Maka kajian ilmiah yang dikonstruksikan oleh kaum orientalis terhadap dunia mistik. Ternyata mengalami pergeseran paradigma subtansial yang tidak terstruktur secara rinci seperti ritualitas agama yang ada. Mereka menganggap bahwa setiap dimensi mistik didunia ini selalu sama dan memiliki wilayah sama pula dengan dimensi kultural religius. Alasannya adalah setiap aktivitas mistik tanpa terproses dari nilai keabsahan pemahan diri yang kuat dari ritualitas itu akan menghasilkan visualitas ganda penampakan esensi mistik. Sementara dalam kaidah agama dimanapun tempatnya proses tersebut terstruktur dan terkonsep dengan matang, dan output yang jelas dari pemahaman historis sebelumnya.

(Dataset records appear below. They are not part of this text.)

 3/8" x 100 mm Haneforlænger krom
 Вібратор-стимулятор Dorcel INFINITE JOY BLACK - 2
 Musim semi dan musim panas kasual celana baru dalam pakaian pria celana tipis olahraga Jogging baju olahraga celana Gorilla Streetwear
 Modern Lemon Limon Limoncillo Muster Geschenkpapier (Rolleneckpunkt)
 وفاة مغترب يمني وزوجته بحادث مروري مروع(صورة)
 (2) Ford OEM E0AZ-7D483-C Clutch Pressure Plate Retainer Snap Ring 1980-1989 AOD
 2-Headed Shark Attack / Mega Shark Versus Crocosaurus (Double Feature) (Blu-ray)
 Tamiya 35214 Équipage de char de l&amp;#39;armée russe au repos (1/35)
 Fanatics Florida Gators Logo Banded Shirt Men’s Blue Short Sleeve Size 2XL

Benturan pemikiran yang terjadi saat ini oleh para orientalis, terjadi karena banyaknya kepentingan yang melatarbelakangi aspek orisinalitas intelektual barat terhadap karya yang disajikan. Banyak rekonstruksi awal yang dijadikan perencanaan proses kebermihakan kalangan politik untuk memberikan wacana baru sebelum wacana lama dileburkan. Pemahaman ideologi agama yang dalam bab satu lebih mengedepankan aspek sosio kultural religius dirubah menjadi paradigma kontemporer yang sulit terasionalisasi secara gamblang. Reason aktual tentang keterlibatan orientalis yang tidak lagi mampu melakukan proyeksi keinteletualan karena sudah teradopsinya kepentingan dan pertelingkahan kultural yang ambisius dan rakus.

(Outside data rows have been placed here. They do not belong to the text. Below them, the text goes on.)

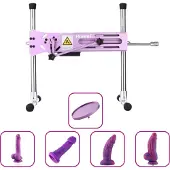 Hismith Premium Pro 1 Premium Smart APP Seksmachine bundel Purple Poison
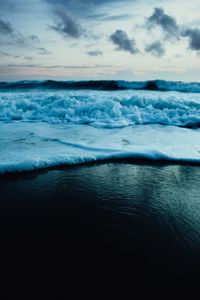 Preview wallpaper wave, sea, coast, foam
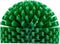 SPARTA Industrial Tank Brush Head, Drain Brush with 3/4" Thread Hole, 5 x 3.9 Inches, Green, Pack of 2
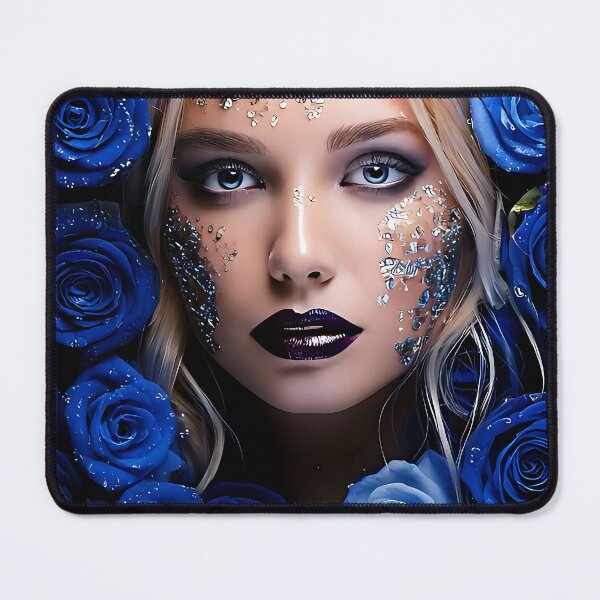Item preview, Blue Rose Gothic Goddess designed and sold by ToxicInkArt.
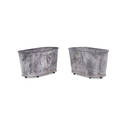 Pair of zinc planters
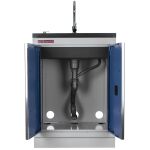 Celokovová dielenská skrinka PROFI BLUE s nerezovým drezom - MTGC1300C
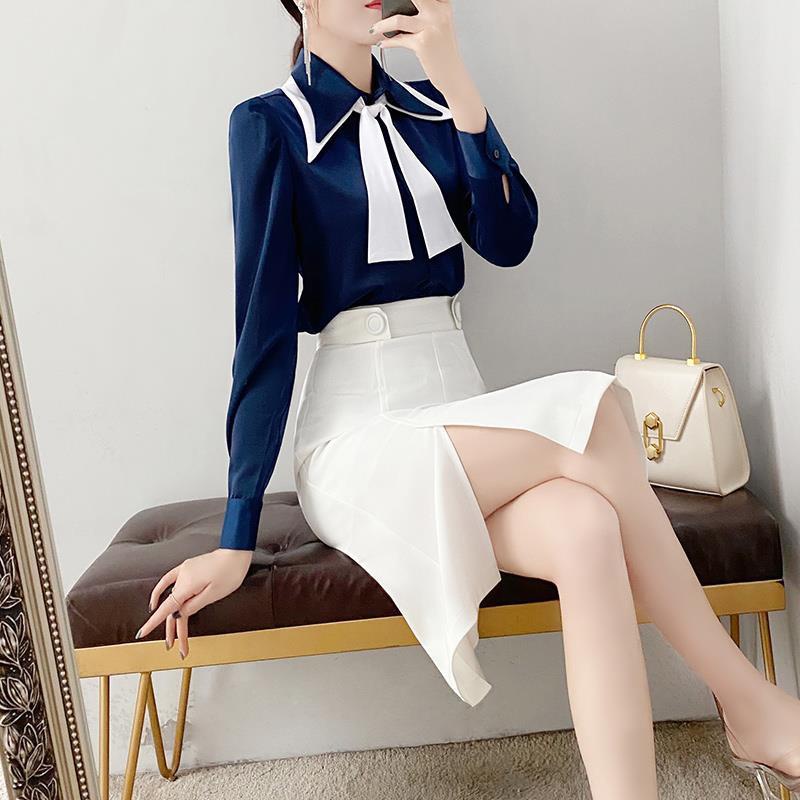 Set Đầm Sơ Mi Dài Tay Và Áo Khoác Ngoài Thiết Kế Mới Thời Trang Dành Cho Nữ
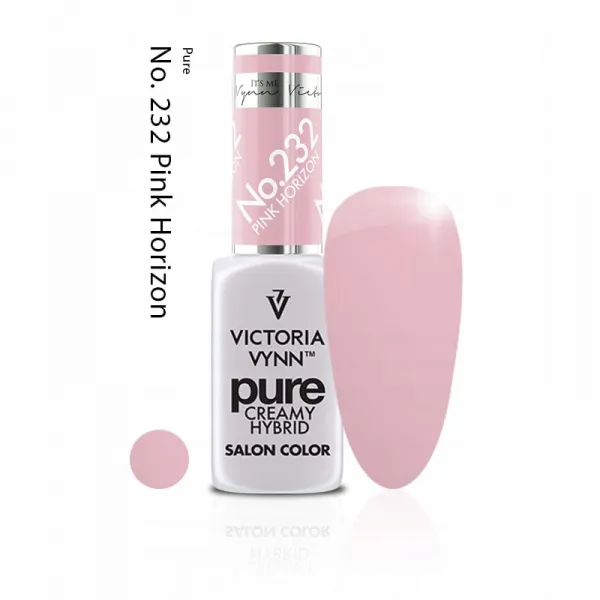 Victoria Vynn Lakier Hybrydowy Pure 232 Pink Horizon 8 ml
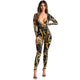 Verona Jumpsuit With Belt #Jumpsuit #V Neck #Long Sleeve SA-BLL55298-2 Women's Clothes and Jumpsuits & Rompers by Sexy Affordable Clothing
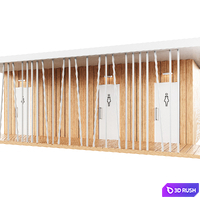 Public toilet 4 3D Model Vray, Corona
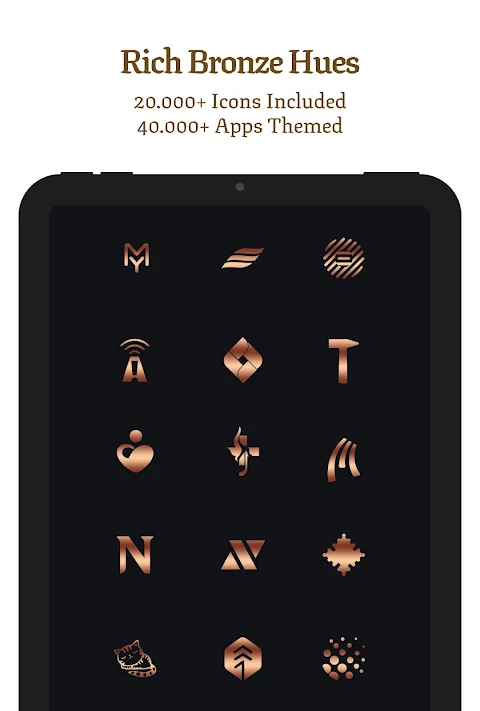 Bronze Copper Icon Pack screenshot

Komparasi agama di era Poskolonial hanya dijadikan tameng dan legitimasi kolonial barat dalam merekonstruksi lagi sebuah pemahaman baru yang dipengaruhi oleh ide-ide pembusukan pemikiran dari superior barat. Pendiskripsian wacana-wacana baru dari belahan timur difahami sebagai sebuah analog ketertinggalan yang hanya sebatas pengantar atas pikiran yang telah dihasilkan oleh kaum orioentalis.
Semenjak zaman kolonial penggalian terhadap historis kultural dunia timur melalui metode-metode penelitian yang terfokus pada ide-ide dasar sebuah konstruksi kultural Timur seperti agama Hinduisme dan Budhisme di India, Islam di Arab. Setelah memasuki era poskolonialisme digunakan kembali sebagai senjata pemerdayaan dunia timur melalui pemahaman modernitas yang westernisasi.
Agama-agama modern seperti marxisme dan nasionalisme yang merupakan kolaborasi pemikiran intelektual barat, untuk menyelesaikan masalah penduduk dalam dikotomi politik. Kata akhirnya adalah bahwa kesepahaman ideologi hanya bisa dicapai melalui histioris kultural yang menjangkau dialogis masyarakat . sedangkan agama-agama modern tersebut hanyalah kesepahaman yang terisolasi dari kontek universalitas kultural karena hanyak berpijak pada satu dialektika sejarah dari penentangan faham ideologi tertentu, atau sebuah jawaban praktis dan memiliki kepentingan ganda dan masa depan yang lemah.
Yang utama dengan gaya komparativisme yang baru muncul ini adalah pengetahuan kesaling melengkapi antara berbagai poros dominasi dan juga kepedulian pada mutualitas kebersamaan, interaksi dan pengaruh lintas kultural, yang dengan cara demikian membuka ruang untuk dialog komparatif dan mencegah daya tarik isolasionis . dalam pengertian ini , pandangan universalis dan etno-spesifik terhadap sejarah tidaklah cukup. Pendekatan semacam itu juga melibatkan perubahan penekanan yang jauh dari kepedulian epistimologi dengan mempertanyakan , bagaimana penerjemahan dan perjanjian lintas kultural dimungkinkan ?. menuju kajian terhadap realitas material yang melatari politik perbedaan.